1:1 - Auge um Auge Dänemark 2006 – 90min.

Filmkritik

Innere Zerrissenheit

Andrea Lüthi
Filmkritik: Andrea Lüthi

Ging es in Annette K. Olesens letztem Film «In Your Hands» um ethische Konflikte und Glaubensfragen, handelt der grossenteils mit Laiendarstellern besetzte Film «1:1» von kulturellen Gegensätzen und Vorurteilen in einer Vorstadtsiedlung. Auch dieser Film geht unter die Haut.

Die 16-jährige Mie (Joy Petersen) lebt mir ihrem Bruder Per und ihrer Mutter Søs, einer Sozialarbeiterin (Anette Stovelbaek), in einer Kopenhagener Vorstadtsiedlung, in der überwiegend Immigranten leben. Mies palästinensischer Freund Shadi (Mohammed-Ali Bakier) gehört fast schon zur Familie.

Eines Nachts wird Per brutal zusammengeschlagen. Während er im Koma liegt, und man um sein Leben bangt, kursieren Gerüchte, wonach die Täter Ausländer seien. Bei Shadi erhärtet sich der Verdacht, dass sein arbeitsloser Bruder Tareq dahintersteckt, den er in derselben Nacht mit blutiger Nase ertappte. Shadi gerät in ein gewaltiges Dilemma. Einerseits möchte er Mie nichts verheimlichen, anderseits scheint es unmöglich, den eigenen Bruder zu verpfeifen.

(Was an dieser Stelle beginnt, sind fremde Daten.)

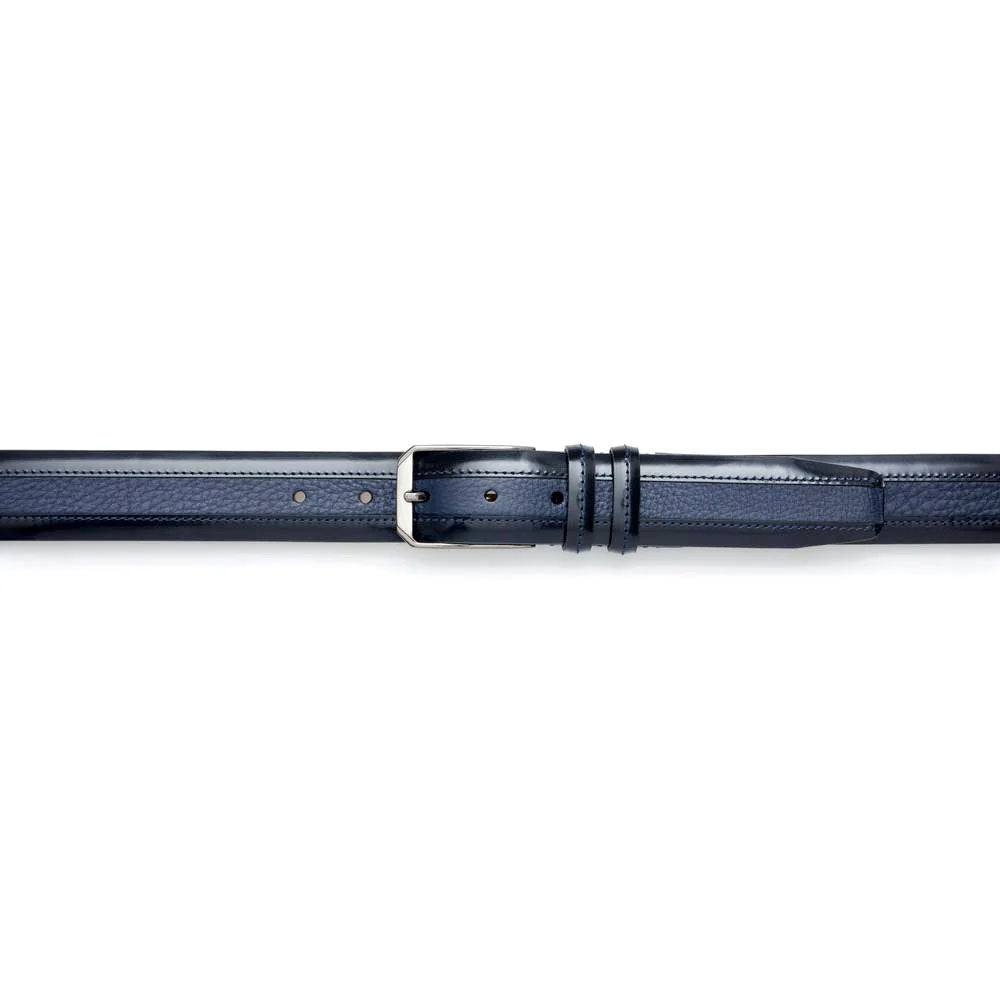 Mezlan blue deerskin belt. Smooth, elongated shape with a shiny finish. Silver buckle and multiple adjustment holes.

Als Mie über Umwege von seinem Verdacht erfährt, ist sie tief verletzt und sucht Trost bei Pers ausländerfeindlicher Clique. Die Ungewissheit über die Täter und die Reaktionen des Umfelds verunsichern sowohl Søs als auch Mie. Angst und Misstrauen werden geschürt; man klammert sich an Verdächtigungen und Vorurteile.

Annette K. Olesen bringt verschiedene Sichtweisen ein, sie beobachtet ihre Figuren, ohne sie zu verurteilen oder Partei zu ergreifen - für alle bringt sie ein gewisses Verständnis auf. Dabei werden auch Generationskonflikte angetönt: Shadis besorgte Eltern müssen zusehen, wie ihre Kinder ihnen ihr zunehmend westlich geprägtes Leben verheimlichen. Der verzweifelte Vater bittet um Vertrauen und ermahnt Tareq zugleich, vor seinem jüngeren Bruder nicht zu weinen. Solche Szenen verdeutlichen auf ergreifende Weise die Zerrissenheit der Secondos zwischen traditionellen Familienwerten und eigener Lebensgestaltung. Dies liegt nicht zuletzt an Olesens Eigenart, sehr nahe an die Figuren heranzugehen. In Close-ups ergründet sie die Gefühlsregungen in den Gesichtern. Als Kontrast nimmt sie die Figuren oftmals durch Glasscheiben und aus der Vogelperspektive auf - so schafft sie Distanz zwischen und zu den Figuren. Die Furcht, der Realität ins Auge zu sehen, zeigt sich in der Hemmung der Figuren, sich dem schwer verletzten Per zu nähern. Mie hält sich die Ohren zu, um den rasselnden Atem ihres Bruders nicht hören zu müssen, und Shadi versucht später, das beunruhigende Geräusch durch Boxen aus seinem Bewusstsein zu verbannen.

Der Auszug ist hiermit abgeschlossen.